Se o governo faz de tudo para que a CPI não se instale, de outro modo também não quererá que as apurações de irregularidades na Petrobras, iminentes de acontecerem naquele órgão, possam ser realizadas pela Receita ou pela Polícia Federal. É de supor que esses órgãos jamais viessem a se contrapor à vontade de superiores hierárquicos. Assim como o presidente e seu governo não desejam a CPI, com mais certeza não hão de querer que órgãos do próprio Poder Executivo prestem-se ao mister. Não se sabe qual a razão por que até mesmo o presidente da República tem atuado pessoalmente para evitar que as investigações sejam feitas. Os senadores vão se desincumbir do encargo, é o que se presume, dentro das normas legais, e por certo não vão se portar como doidivanas a despejar torpedos por todos os lados. A primeira providência será saber se houve de fato sonegação fiscal e quais os responsáveis por sua existência. A segunda será saber qual é de fato a participação efetiva da empresa no Programa de Aceleração do Crescimento (PAC) e se os recursos são aplicados corretamente.

A Constituição não excepciona ninguém do cumprimento da lei em função da relevância econômica que cada um tenha. Pelo contrário, sejam quais forem os suspeitos, órgãos públicos ou não, companhias mistas, fundações, autarquias, ricos ou pobres, poderosos ou desassistidos, todos estão sujeitos à lei, principalmente se pegos na prática de delitos. Ninguém quer destruir a Petrobras e nem esse é o caso. O que se deseja com a abertura da CPI é saber a verdade das acusações, como a apontada sonegação fiscal da Petrobras de mais de CR$ 4,3 bilhões. Esse é um dos motivos que levam à necessidade de apuração dos fatos, mas outros podem existir que exijam esclarecimento. A CPI é para isso. Nada mais.
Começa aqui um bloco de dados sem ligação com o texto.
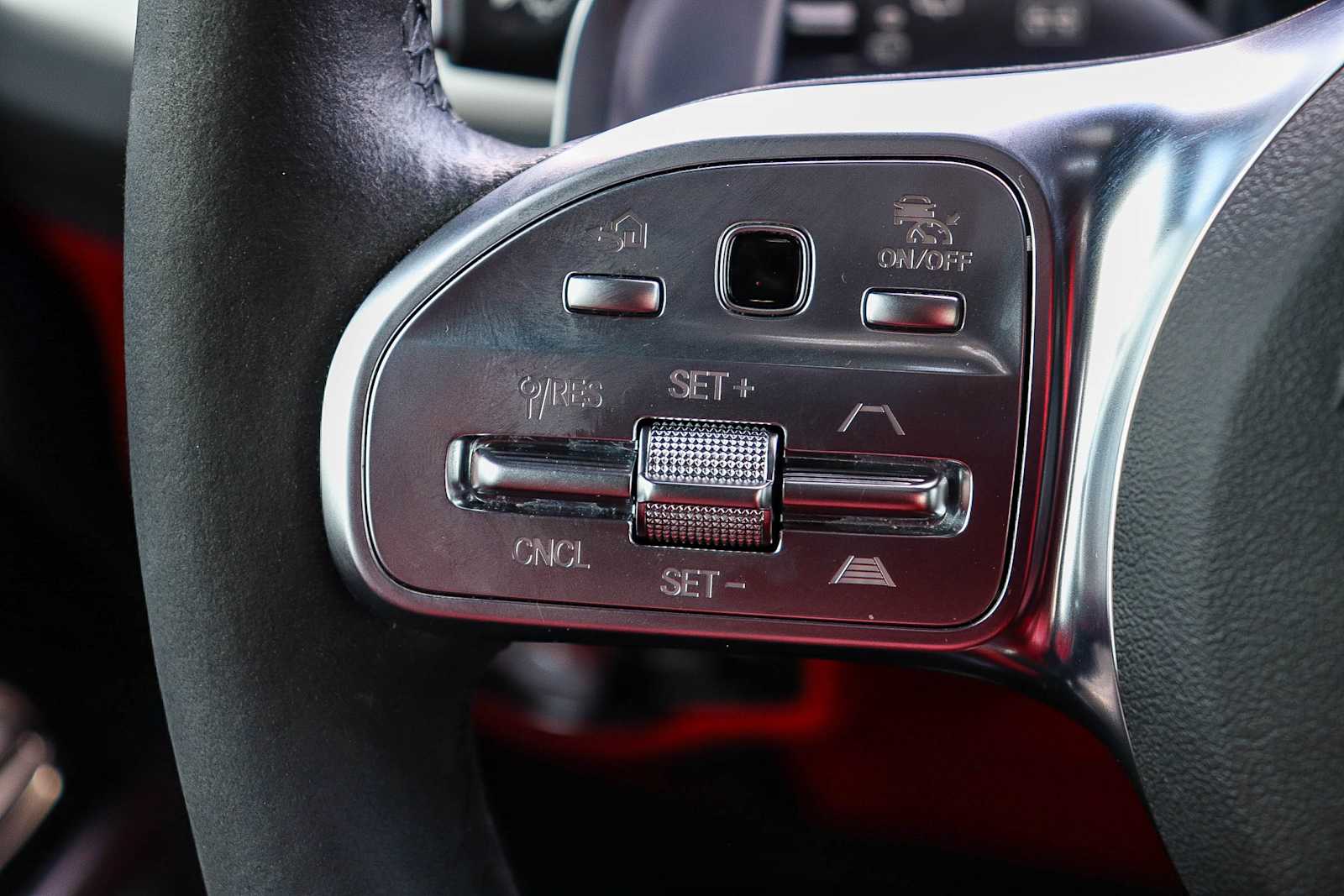 Thumbnail: 2021 Mercedes-Benz G-Class - 19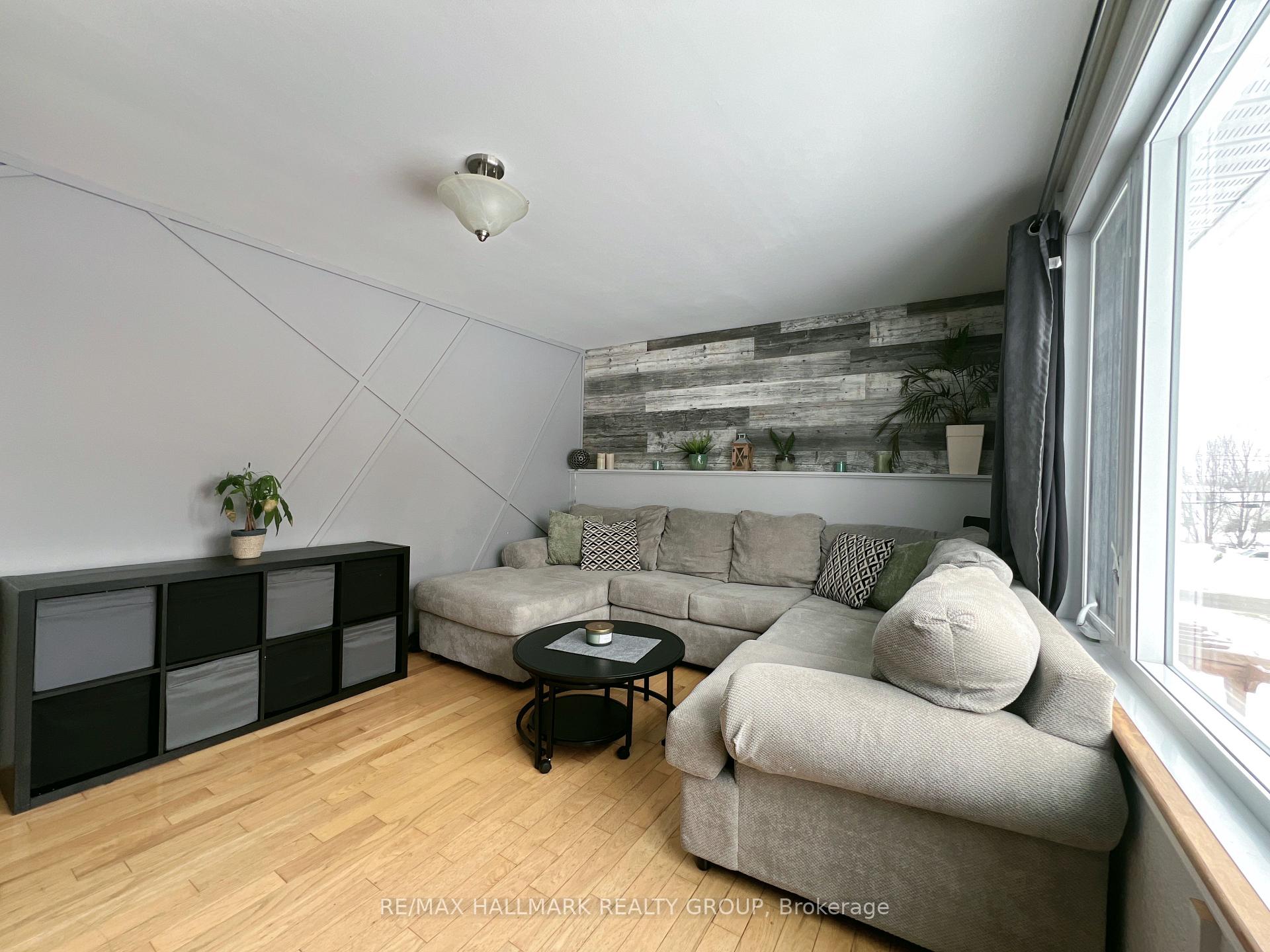 Photo 8 of 38 William Meek Drive, McNab/Braeside, Mcnab/Braeside Twps — HOMEH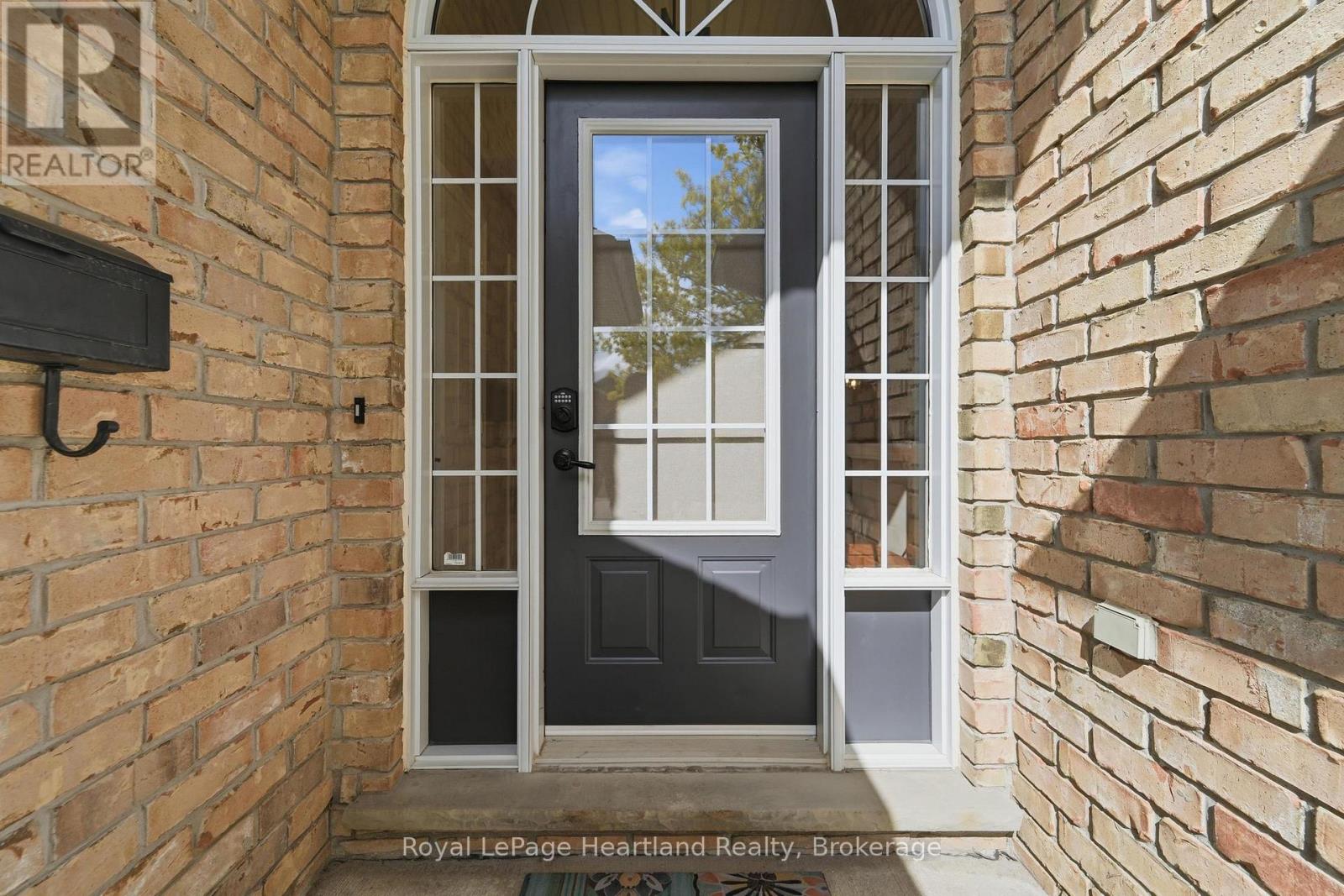 3-59 EAGLE DRIVE - 5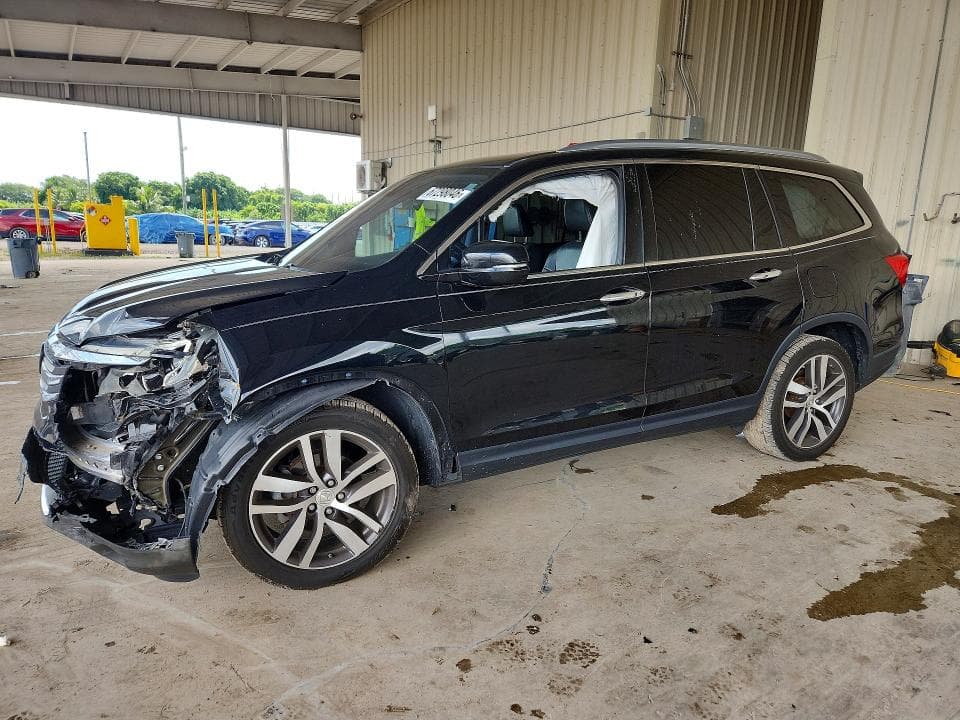 2017 HONDA PILOT TOURING - 1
Esperava-se que os trabalhos de investigação pudessem começar na terça-feira da semana passada, após vários adiamentos. Depois, passou para quarta-feira. Nada aconteceu e tudo ficou na mesma. Veio a quinta-feira, um feriado, e a semana acabou. Nas semanas anteriores também não foi possível a instalação. Afinal, ninguém sabe o que se esconde por trás de tudo a não permitir que as investigações se iniciem. O funcionamento das CPIs está regulado por disposição constitucional. Possuem poderes de investigação similares aos dos órgãos do Poder Judiciário. Completado o quorum do requerimento de formação para o órgão atuar, não se entende por que se nega sua instalação. Não é o caso de invocar o instrumento de obstrução parlamentar. A oposição tem direito de ver instalada a comissão, que, corretamente criada, tem que começar a trabalhar.

A sociedade vê com ansiedade o jogo de empurra-empurra em que se transformaram as CPIs das ONGs e da Petrobras. Não é possível que senadores da República não se entendam para pôr termo à insensatez. Já que o pretexto é a permanência dos nomes de presidente e relator da CPI das ONGs nas mãos da oposição, por que esta não cede o nome do relator ao governo e acaba com o impasse? É isso que os líderes do governo afirmam por que não dão quorum à CPI da Petrobras. Se não for mais um escapismo, que desmascarem mais uma vez os que não querem que nada se apure.